Market update: Newsflow helps stocks, Dollar rises, all eyes on Chinese growth, UK disappoints

12 Feb

by Mihály Tatár


  • The sentiment improved on Monday with positive noises coming out on the US-China and government shutdown negotations (SPX futures +0.54%, DAX +0.99%, Nikkei +2.56%, Shanghai +0.41%, supposedly there is a tentative deal on border security and the trade negotations go so well a Trump-Xi meeting is under preparation). The main development of the day, however, was another powerful Dollar rally (EURUSD 1.1270, USDHUF 283.50, USDPLN 3.83) on the theme that central banks around the globe are panicking, and turn even more dovish than the Fed, with the Dollar being the only safe high-yield curreny these days. (That said, as discussed before, the brutally strong Dollar hurts key interests, expect some kind of intervention soon.) The victim of the day was the British Pound (GBPUSD 1.2850), after a horrible string of economic data was published (GDP slowed down to a mere 0.2% Q/Q in Q4, industrial production dropped 0.9% Y/Y in December, total business investments plunged 3.7% Y/Y in Q4, to put it ironically, with the Brexit uncertainty, the UK converged to the speed of the Eurozone.)  WTI oil made a volatile roundtrip (falling 51 USD only to return to near 53 USD later, with Brent moving lazily around 61.80 USD),  the trader talk being that whatever the pseudo science on Venezuela and US peak production might be, the only real question in oil markets now is what one thinks about the Chinese slowdown: If its not dramatic – as the IEA and the OPEC thinks, having kept their 2019 demand growth outlook steady and economists clinging to the 6% magic GDP number – then the direction is up, and vice versa, a ’stealth recession’ should send oil prices back down to the lows. Speaking of China, two very large borrowers – China Minsheng Investment and Wintime Energy – failed their payment deadlines, confirming that the Chinese credit markets are in trouble and the news catched immediate market attention. (Note that less known to the public, it was not just the Fed and the ECB that flooded the market with fresh money to avoid a collapse in 2008: China also launched a 4 trillion yuan – 600 billion USD – infrastructure plan and allowed rapid credit creation, to the point that the excesses even make the IMF worry, not a small feat. The programme now comes back to haunt Beijing – both in terms of economy and when it has to negotiate with Washington.)

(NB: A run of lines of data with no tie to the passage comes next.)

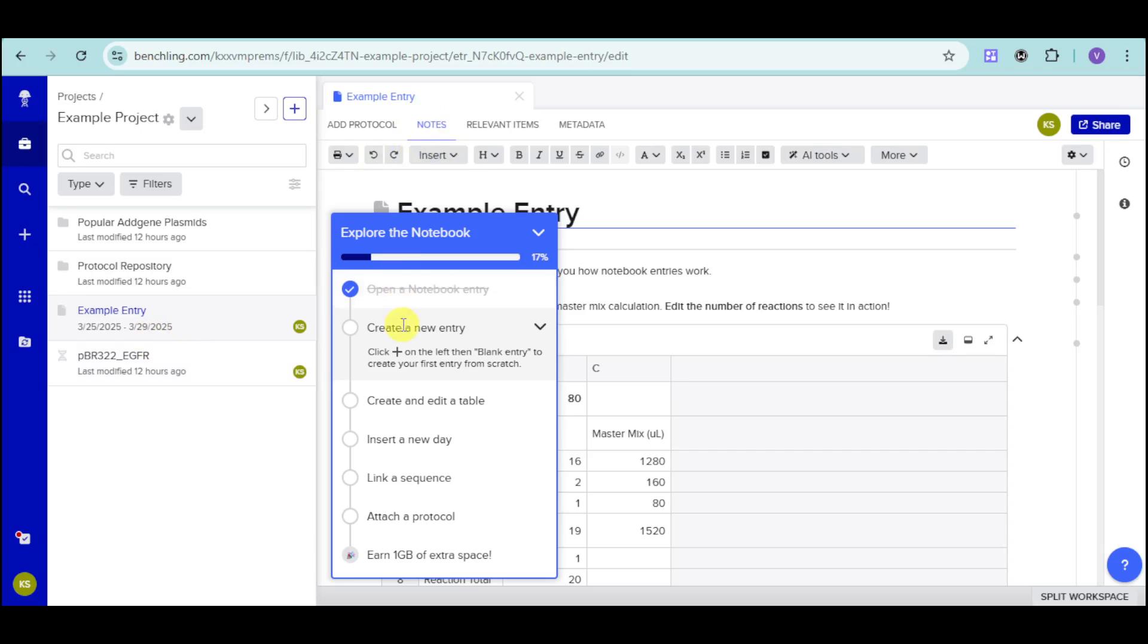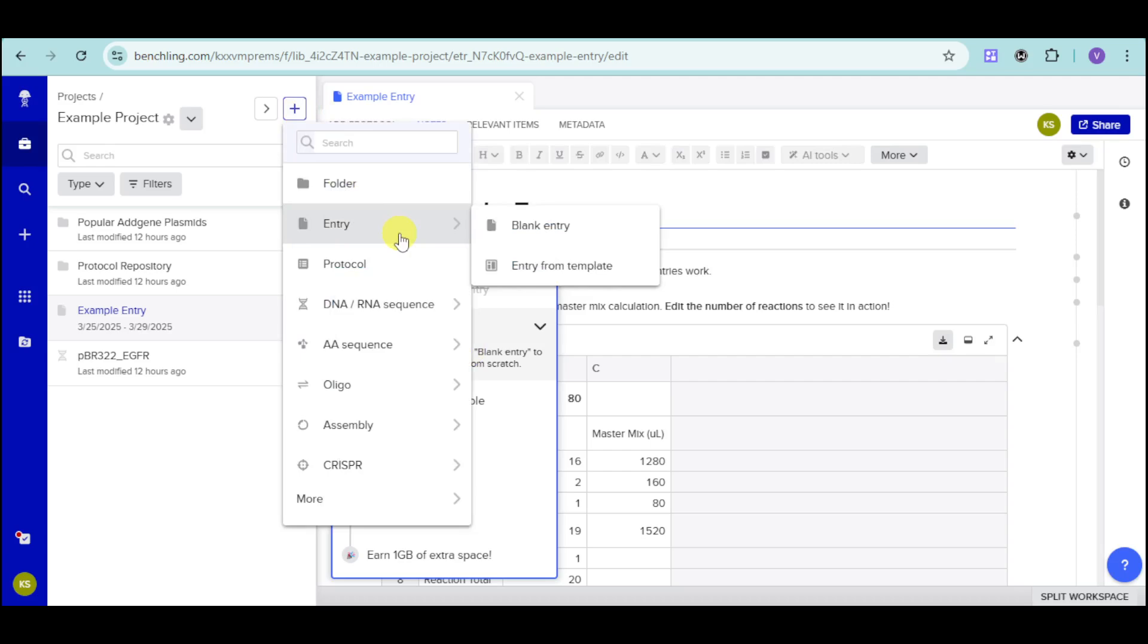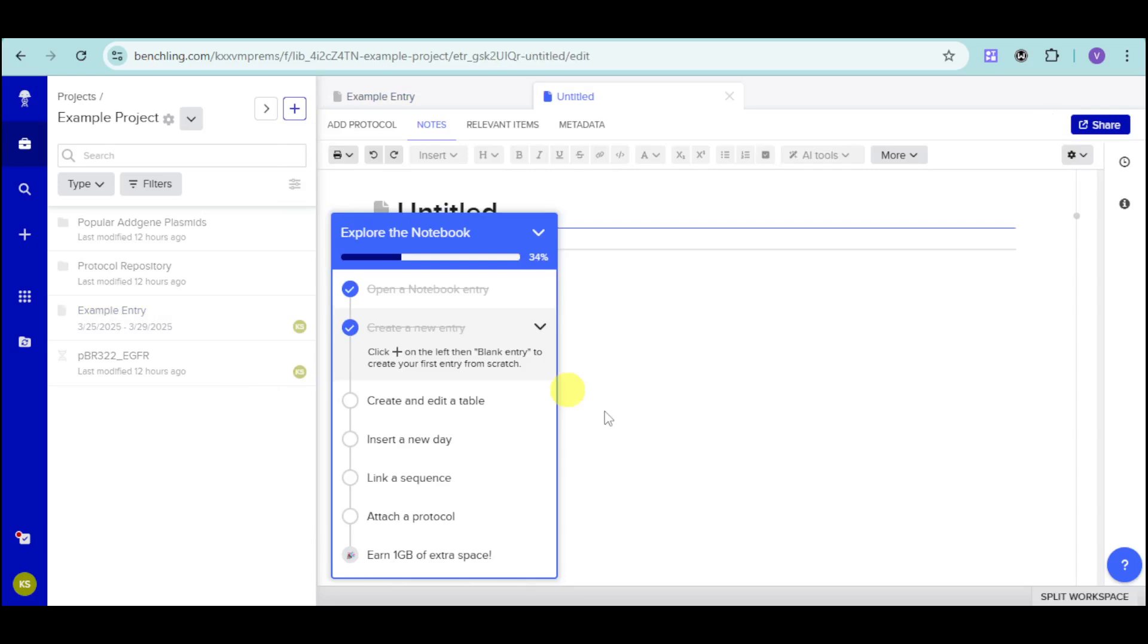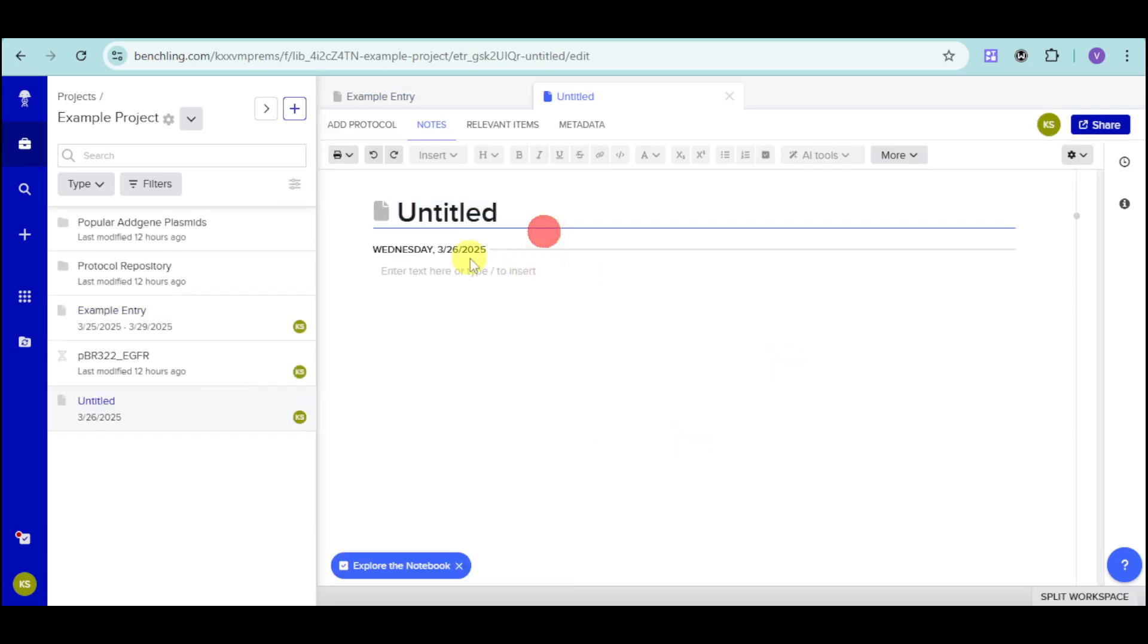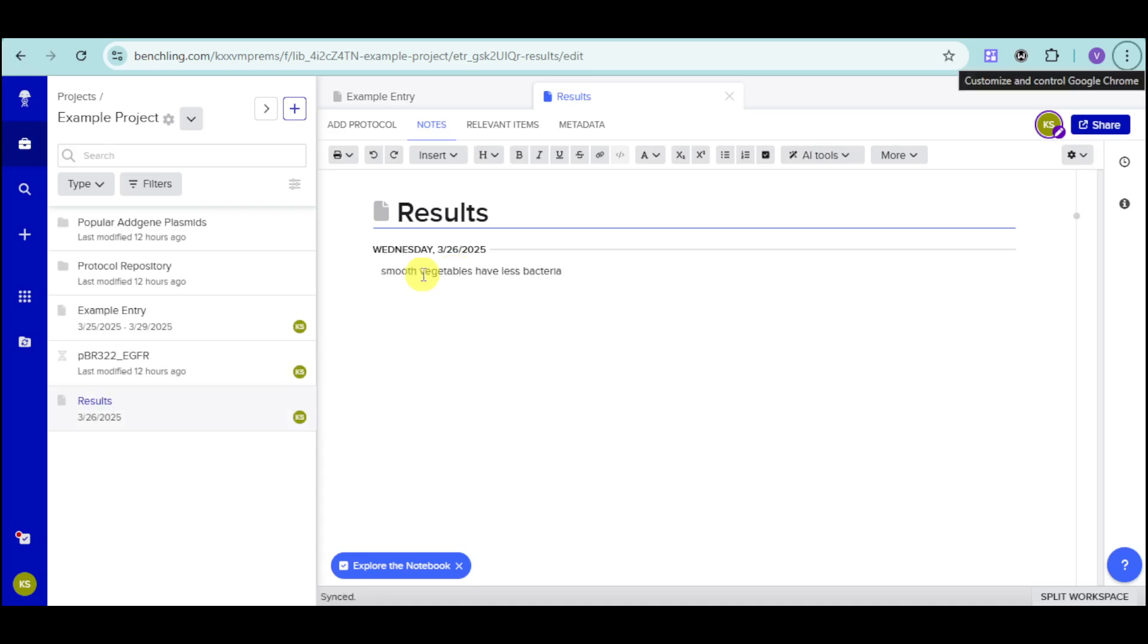You can create a new entry if you want by clicking onto this plus icon right here. Click onto this right here. Then, choose in here entry. You can choose an entry from blank or start on a template. Let's choose in here a blank entry. Then, this will load, and it will create this one. It's an untitled one. Let's name this results. And then, you can just enter in here some text that can actually describe your results.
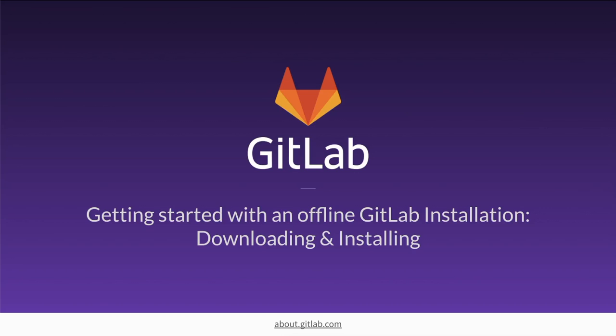Hi, this is Ben and I'm a support engineer here at GitLab. In this video I wanted to take a look at downloading and installing a GitLab instance for an offline environment.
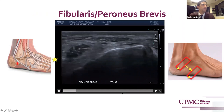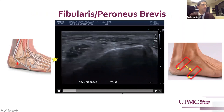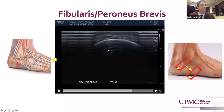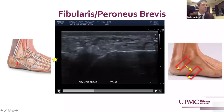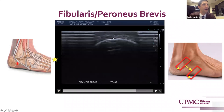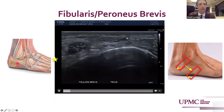Peroneus brevis, as it courses beyond the lateral malleolus, will course down to insert into the base of the fifth metatarsal. It becomes more flattened and widened as it takes its broad insertion into the base of the fifth metatarsal. This image demonstrates that in long axis — we see its distinct tendon rising up superficially to have its broad insertion into the fifth metatarsal.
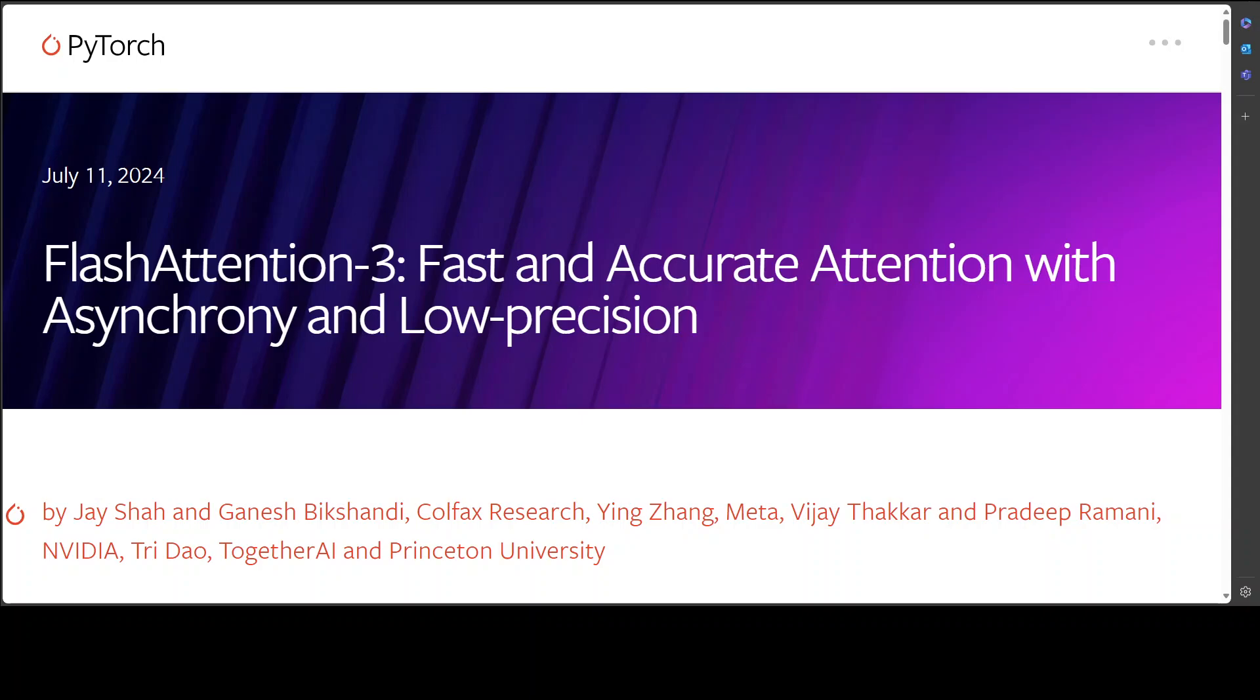Hello guys, welcome to the channel. FlashAttention-3 is here. FlashAttention is already being widely used to accelerate transformer models and is making attention a lot faster than before.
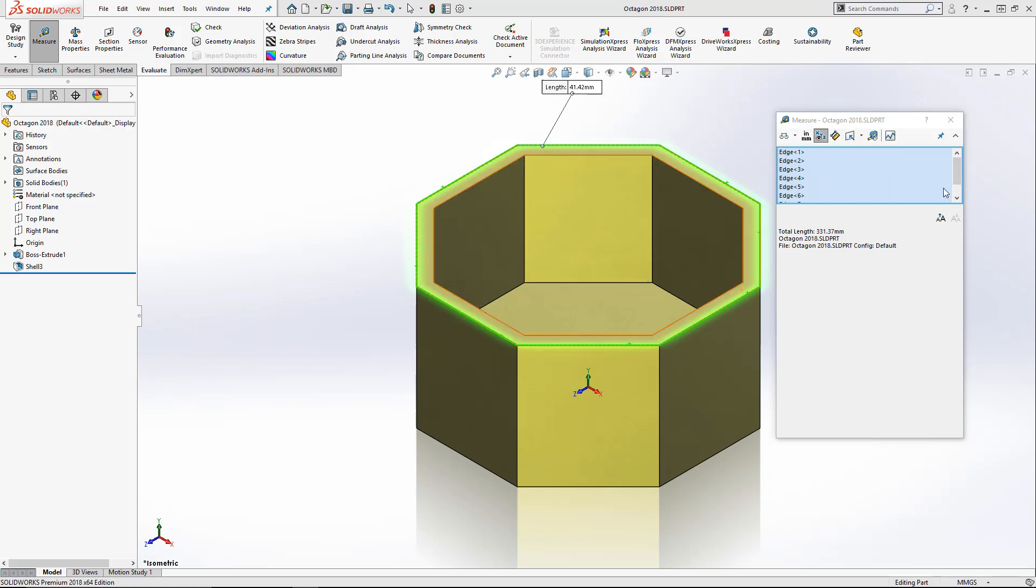Next up, we have the quick copy. So when creating measurements with the measure tool, users will often have to copy and paste the results onto spreadsheets, Word documents, or notepad for future reference.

  • Shocking the mainstream media – but not regular readers – the latest Rasmussen poll showed Trump’s approval rating jumping to 52% (the best in 2 years, a huge upswing from December’s 45%). The ’temporary uptick’ is attributed to the well-received State of the Union speech – but note that what is really going on is that the Democrats’ argument that all is well with the border and immigration control is bizarre even for Hispanics, and by now even Bloomberg writes about ’Democrats moving to much to the hard Left’. (The ’semi-realistic’ Green New Deal, for example, is estimated to cost 7 trillion USD and reach none of its goals – again, according to Bloomberg.) One has to wonder if other pollsters see the same dynamic (Rasmussen is usually the most favorable towards Trump as it polls likely voters), but it seems like Democrats badly need a recession by 2020.